Im Rahmen der Werkstatt hast Du im April Berliner Künstlerinnen „aus dem Monika/Moabit Umfeld“ eingeladen, sich je ein neues Tool auf der Musikmesse herauszusuchen und damit dann abends Musik zu machen, ohne es vorher zu kennen, nach dem Motto „Scheitern als Chance“. Eine geniale Idee, wie ich finde, und schade, dass ich nicht dabei sein konnte. Wie kam das an?
Haha. Ja das war bei Superbooth. Es war recht „demanding“ an alle. Lucrecia Dalt, Islaja, Beate Bartel, Pilocka Krach, Barbara Morgenstern und ich.
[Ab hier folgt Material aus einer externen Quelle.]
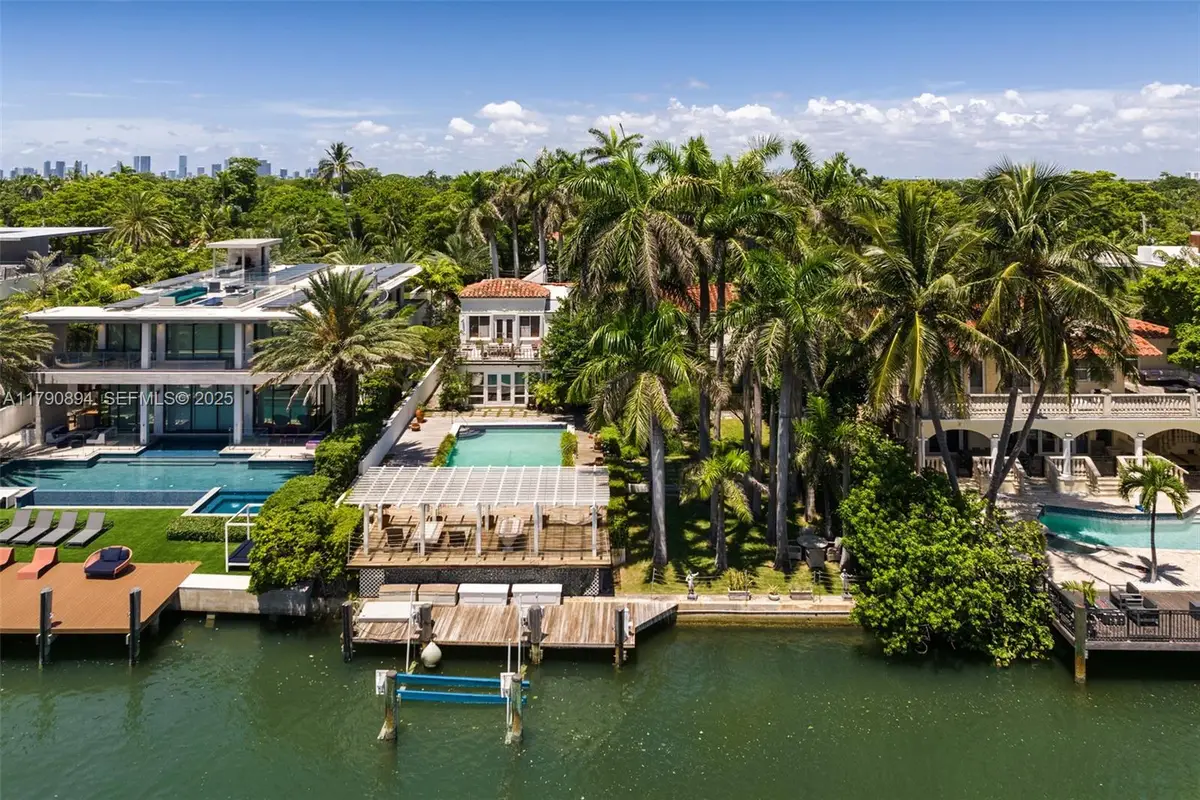 5215 Pine Tree Drive, Miami Beach, FL 33140 - #1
Die Instrumente waren recht kompliziert, viel modular Zeugs, ich hatte eine Drummaschine (den MFB Tanzbär) und einen O-Coast Synth von Make Noise, alles unbekannte Instrumente für uns – jede spielte etwas anderes und wir haben dann doch alle Töne rausbekommen und auch zusammen was Tolles skizziert. Sehr, sehr aufregend war das und toll. Die Luft hat gebrizzelt!
Jetzt kommt ein erstes Album der Monika Werkstatt-Künstlerinnen heraus, das ihr am 27.06.2017 bei einem Event vorstellt. Worauf kann sich das Publikum freuen?
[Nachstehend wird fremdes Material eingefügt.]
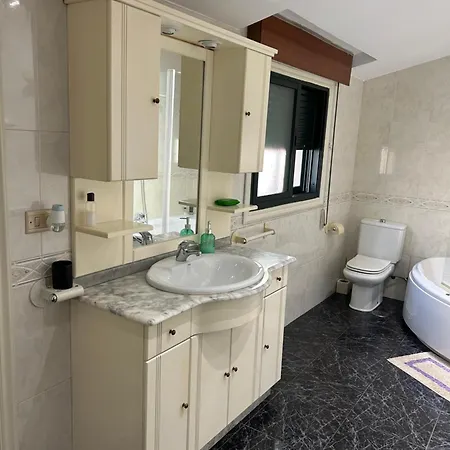 Villa Casa Robleda, Piscina Privada Cubierta Y Jacuzzi Vigo Exterior foto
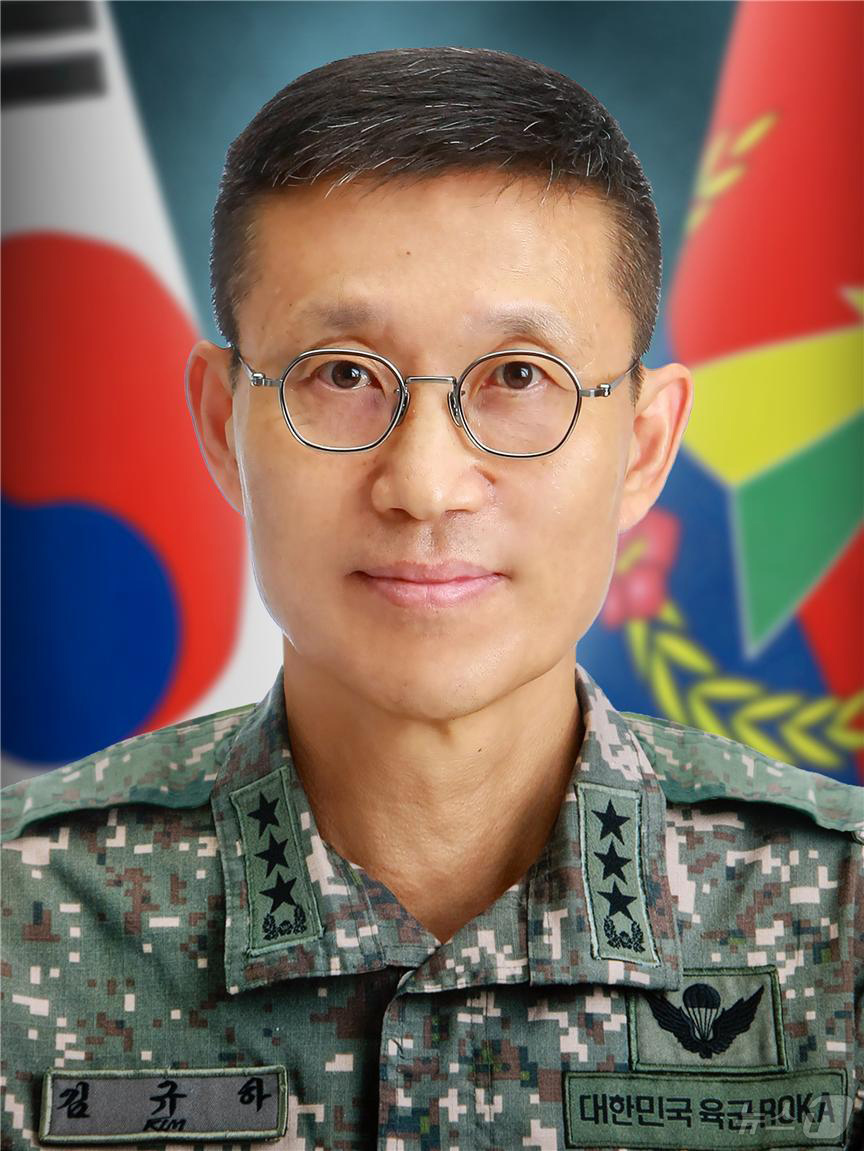 (서울=뉴스1) = 정부가 합동참모본부(합참) 의장을 비롯한 대장급 장성 7명 전원에 대한 인사를 단행했다.1일 육군참모총장에 지명된 김규하 미사일전략사령관(중장·육사 47기). …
Ja, unser Record-Release! Im Imagemovement werden wir über die Arbeit am Album erzählen und Videos zeigen- danach gehen wir rüber in den Monbijoupark in die Marchenhütte und dort spielt erst Chica Paula Schopf ein ganz neues Liveset und dann gibt’s die Monika Werkstatt live auf der Bühne. Barbara Morgenstern, Beate Bartel, Pilocka Krach, Islaja, AGF, Danielle de Picciotto und ich legen danach noch bisschen Musik auf. Also ganz große Werkstatt. Das wird bestimmt wundervoll – allein der Ort ist fantastisch – noch nicht so belegt.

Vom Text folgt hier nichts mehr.